Properties of WSix using dichlorosilane in a single-wafer system

Abstract

Chemical vapor deposition of tungsten silicide (WSix) from WF6 and SiH2Cl2 [JB Price, S. Wu, Y.Chow, and J. Mendonca, Semicon West (1986)] at higher deposition temperatures (450–650 °C) than the conventional WF6 and SiH4 (250–400 °C) process has been characterized using a plasma enhanced, single-wafer, cold-wall, radiantly heated system with temperature control utilizing a thermocouple in contact with the backside of the wafer. Film properties such as silicon to tungsten ratio, fluorine and chlorine concentration, resistivity, and film stress were studied as a function of substrate temperature, reactant composition, and flow rates. The film composition was measured by Rutherford backscattering spectrometry.
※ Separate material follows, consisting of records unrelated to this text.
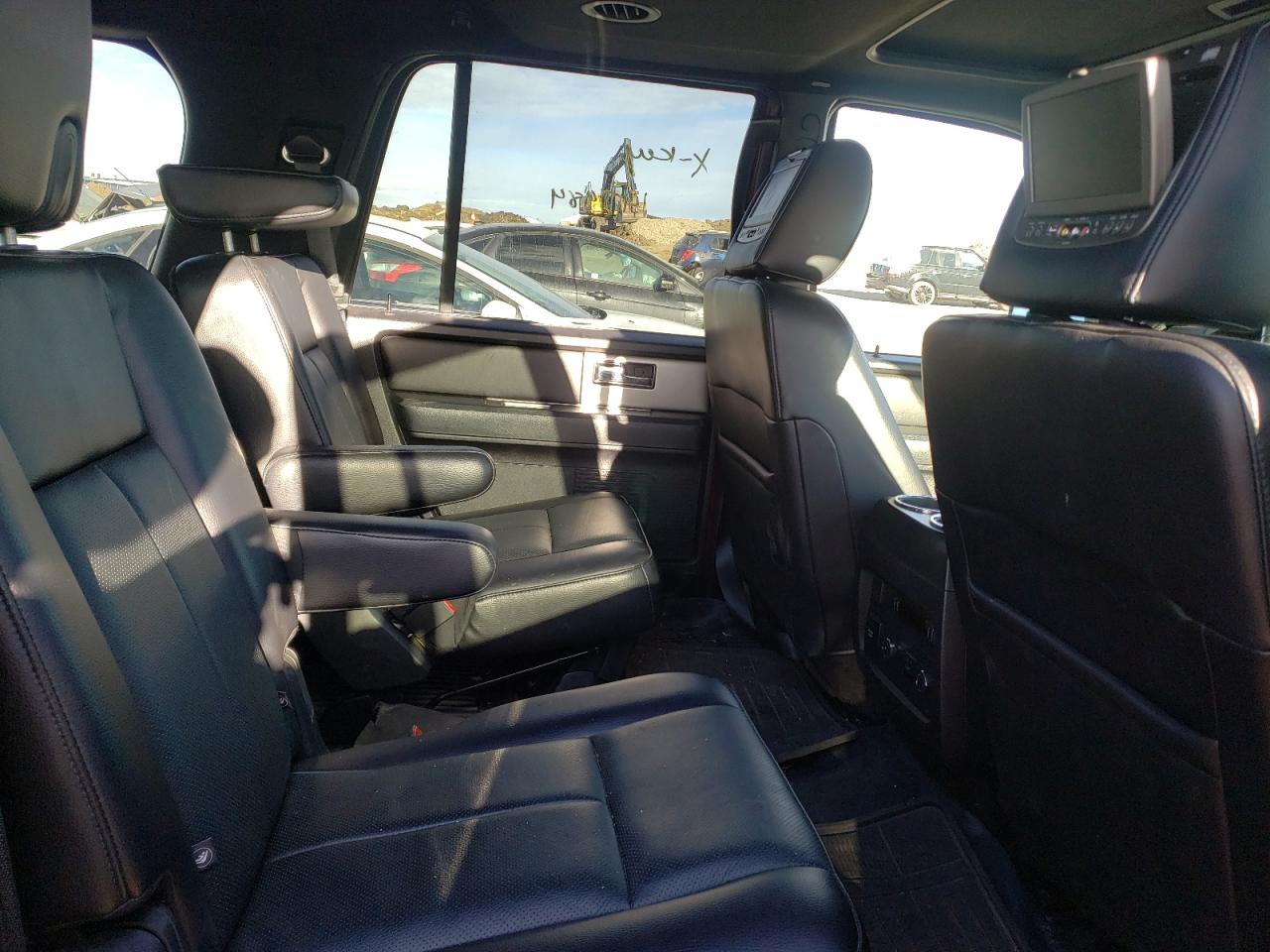 Photo 6 from auction – 2017 FORD EXPEDITION with VIN 1FMJU2AT0HEA22636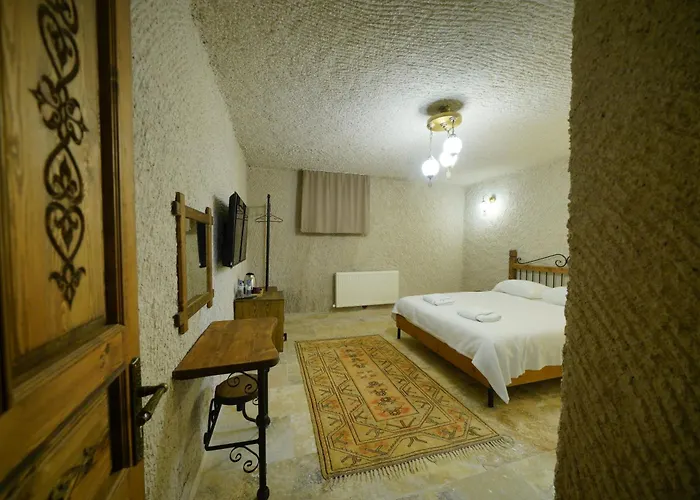 Nirvana Cave House Hotel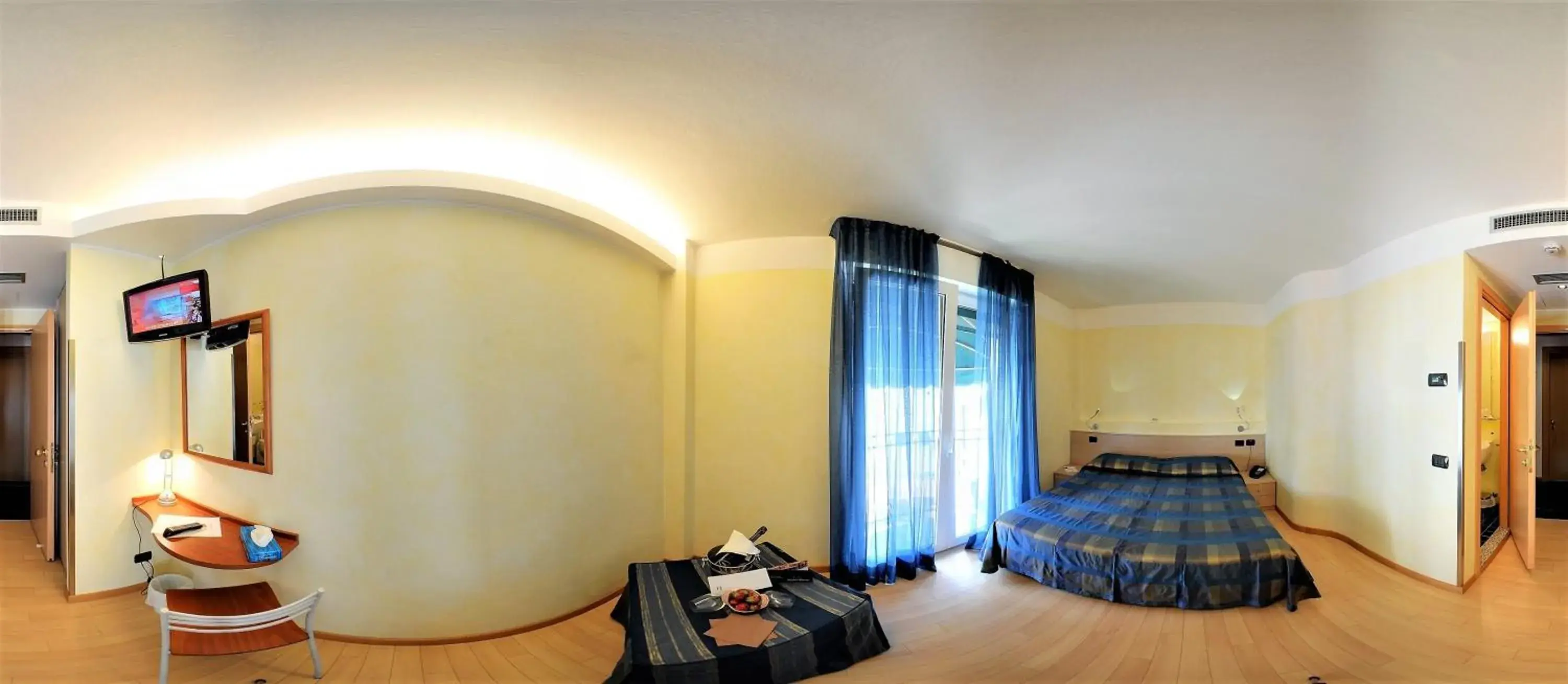 Photo of the whole room in Hotel Savoia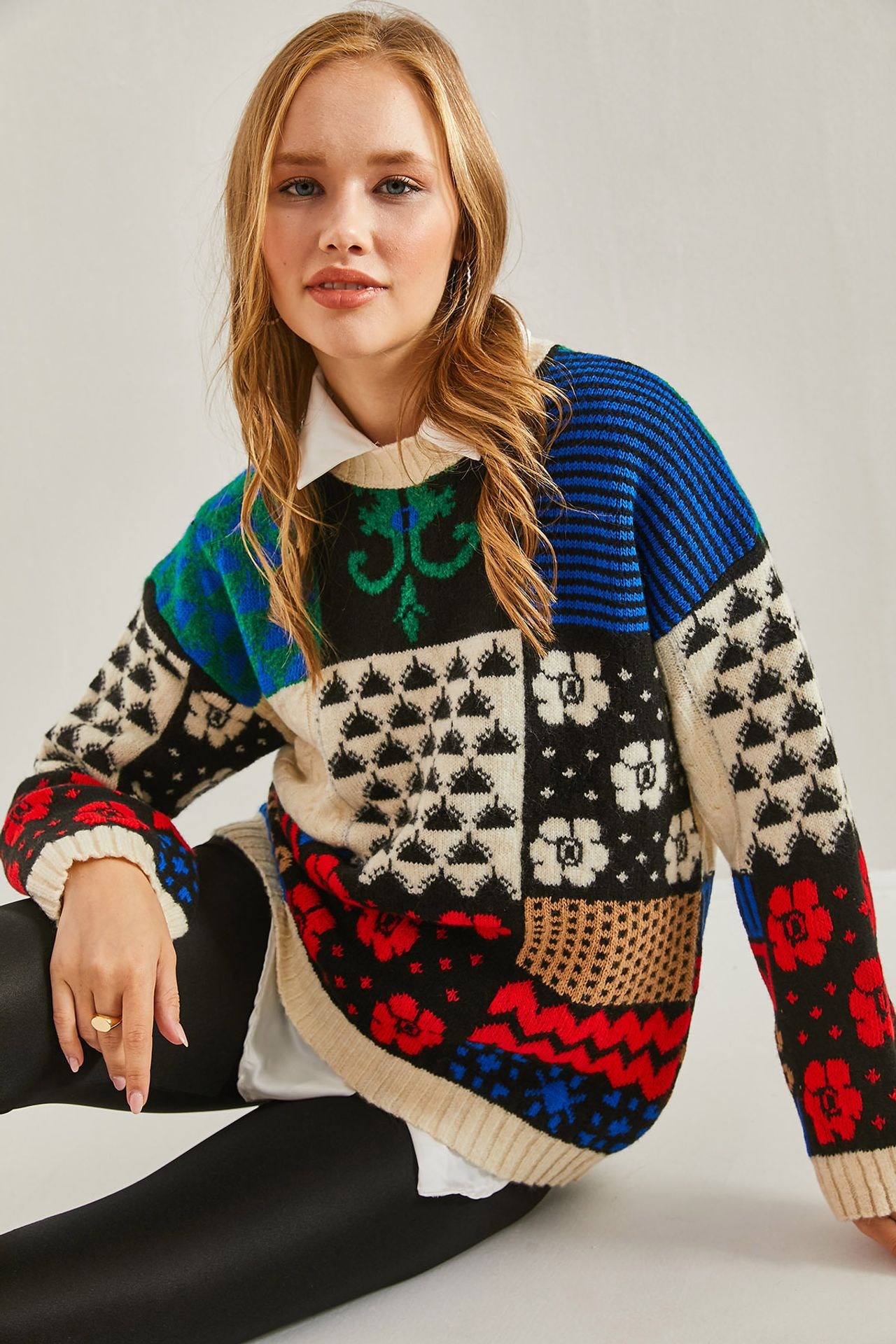 LUCCI Thick Abstract Ribbed Knit Sweater with Crew Neck 4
The silicon to tungsten ratio is a function of deposition temperature at a fixed flow (x varying from 2.0–2.8 through the temperature range of 450–650 °C). The as-deposited resistivity is also a strong function of deposition temperature. The chlorine and fluorine distributions in the WSix film were measured using secondary ion mass spectrometry. The fluorine concentration was found to be much lower than levels reported by conventional WF6/SiH4 chemistry with as-deposited values of 9×1015 to 3×1018/cm3 compared to 1.3×1020 cm3 by M. Fukumoto and T. Ohzone [Appl. Phys. Lett. 50, 894 (1987)].